Your state's economy may be expected to shrink in 2020 — here's how to prepare


Good news: Fears of a national recession in 2020 have largely subsided, as most experts are expecting the economy to continue to grow this year. For many Americans who were feeling panicked about a possible job loss, that's great news — and another good reason to stick to your financial strategy of building your savings and investing regularly.

The news isn't all good, though. A recent report from the Federal Reserve Bank of Philadelphia predicts that, in nine states, the economy could go into a mild recession. That's the highest number of states at risk for economic contraction since 2009.

Those states are:

  • Delaware
  • Montana
  • Oklahoma
  • West Virginia
  • Pennsylvania
  • Vermont
  • New Jersey
  • Kentucky
  • Connecticut

The economies of the remaining 41 states are expected to continue to grow.

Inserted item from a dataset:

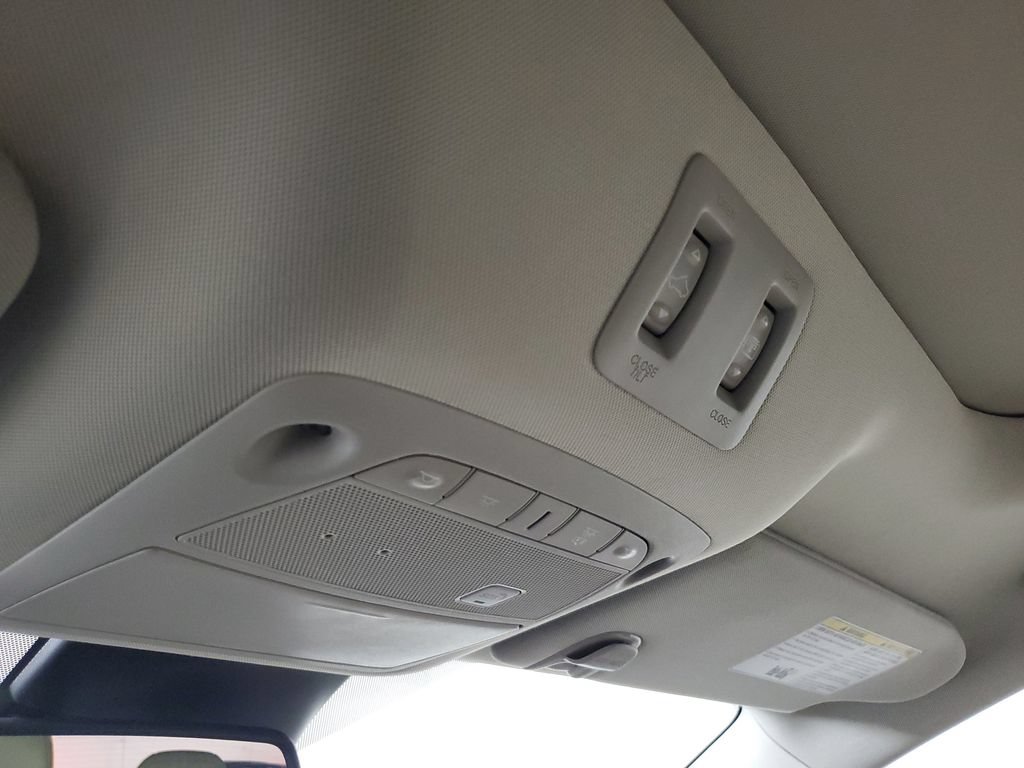 Used 2020 Nissan Murano Platinum w/ Cargo Package FWD image 33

It's also important to remember that we're in something of a "golden age" for job-hunting, as low unemployment numbers have put pressure on employers to hire.

How do economic cycles work?

Video by Courtney Stith

Experts also say that it's important to keep in mind that you're always at some risk of career setbacks, not just when the economy hits a rough patch. "We're all very susceptible to losing our jobs tomorrow," says Hannah Morgan, a job search strategist at Career Sherpa.

For that reason, Morgan says, it's smart to be prepared.

How to prepare for the unexpected at work

Morgan says that now is the time to get yourself in order and prepare for a career or job change, whether it's expected or not, since the economy is strong and unemployment is low. First and foremost, she recommends that you consider where you're at workwise, and "take some time to think" about where you want to go next.

"Take a self-assessment," she says. "Are you connected? Marketable? Do you have the skills, do you know the people you need to know?" Ask yourself these questions, and generate your answers, and you'll have a good place to start.

How to recession-proof your finances

Video by Jason Armesto

Here are some other smart career moves you can make:

Build your network. Job referrals are the most common way that companies are filling jobs, so building your professional network may be the key to your next career move. Start networking — attend industry events, join professional associations, and get in touch with old colleagues who may be able to help you out in the future.

Learn some new skills. It's never a bad thing to have more than one marketable skill, especially when you're on the hunt for a new position. Take advantage of any training or education programs your employer offers or that they'll reimburse you for.

You can also shadow colleagues to pick up additional skills. Don't be afraid to talk to your manager to find specific areas to work on that could be helpful and maybe even lucrative. If you're in a data entry role, for instance, it would likely help you in the future to become proficient in software systems like Excel or CRMs like Salesforce.

Plan ahead. Consider your next move or two in advance, so that you won't be caught flat-footed or make a panicky choice you could regret if it turns out you need to make a switch. Would you freelance for a while, for example, or try contract work? Go back to an old employer or try a side hustle while you look for something new? Have even a general plan to guide you can help you feel more confident if or when you need to make a move.